Note: The following history of public education in the Hellertown area was published in the 1972 commemorative booklet “Hellertown, Pa., Centennial, 1872-1972.”
The Saucon Valley Schools
The educational system of the Saucon Valley of which Hellertown is a part dates back to the early days of settlement.
Very many of the first settlers were of German stock. Upon their arrival they turned their attention to providing an education for their offspring. The children were taught their lessons in the home at first and later in church supported schools. There were two such schools near Hellertown, one at the Lower Saucon Church and the other at Apple’s Church.

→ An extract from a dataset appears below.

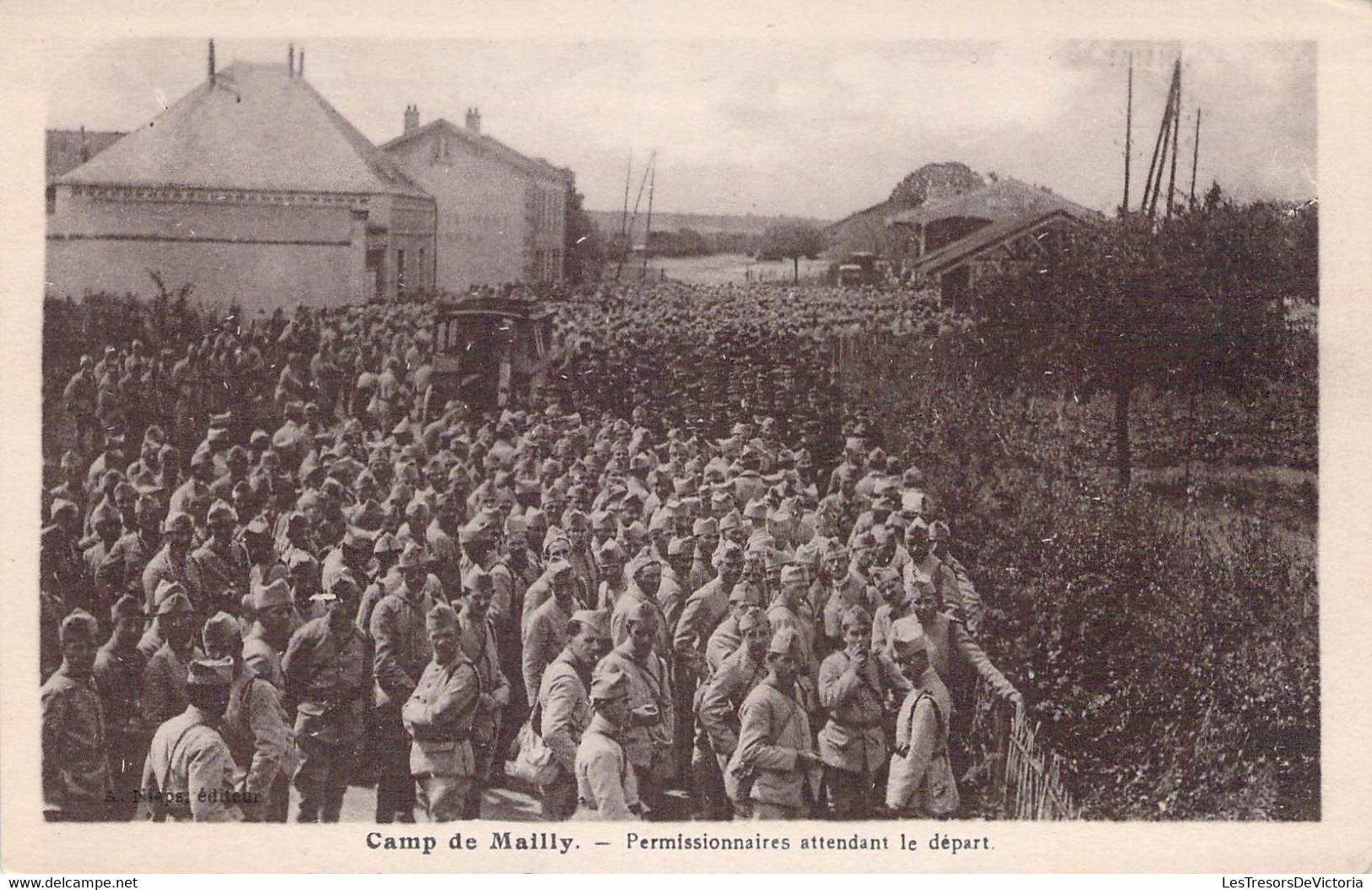 CPA MILITARIAT - CAMP DE MAILLY - Permissionnaires Attendant Le Départ - Barracks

Long before the “Free School Act” was adopted by the Legislature of Pennsylvania in 1834, there were schools in eight locations in Lower Saucon Township. Notwithstanding the opposition of some of the wealthy farmers in the valley, the public school system was introduced immediately after the passage of the act.

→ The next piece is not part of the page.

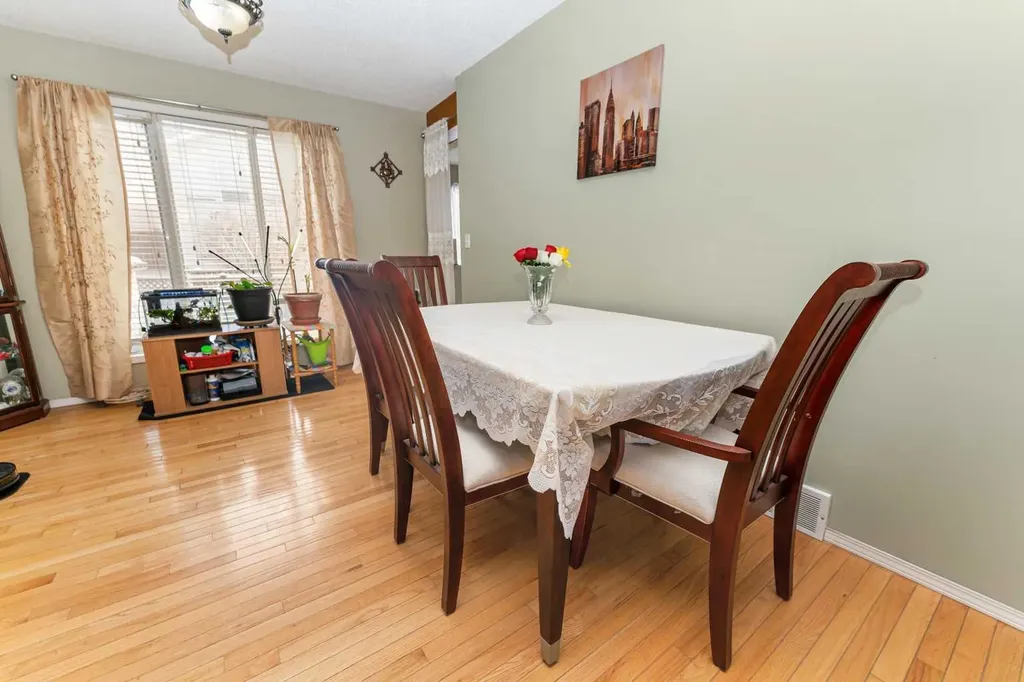63 Hawkmount Green NW Calgary AB T3G 3T9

Among the men who labored most diligently for the introduction of free common schools in the Saucon Valley were Dr. Henry Detweiler and Rev. Samuel Hess. The first schools of the township, under the Free School Act were regarded as among the best in the county. A six month school term was a fact almost from the start. In 1840, a seven month term was ordered by the school board, and in the same year an election was held to decide whether the system should be continued. Approval by a twenty-seven majority allowed its continuance. The next election in 1843 showed a majority vote increase of one hundred and thirty.
The branches taught in these early schools were English and German, Reading, Arithmetic, with special stress on Mental Arithmetic, Geography, Grammar, Spelling, Spencerian Writing, and Singing.

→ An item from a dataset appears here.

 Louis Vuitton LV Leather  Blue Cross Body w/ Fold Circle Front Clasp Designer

The first school house built in Hellertown in 1839 was a small one room structure built on a lot now occupied by the St. Paul’s Evangelical United Brethren Church on Main Street, along Silver Creek.
In the year 1870 a lot, located on Northampton Street, was donated by Tilghman Eisenhart for the purpose of erecting a school house. A two room brick structure was built and some years later an additional room was added to this building.
Hellertown High School was organized in 1896, chiefly through the efforts of Mr. A. I. Reinhard, with a three year course. The first high school building was located in what is now the office of the Brown-Borhek Lumber Co. on Main Street. In 1898, the first class consisting of three members was graduated.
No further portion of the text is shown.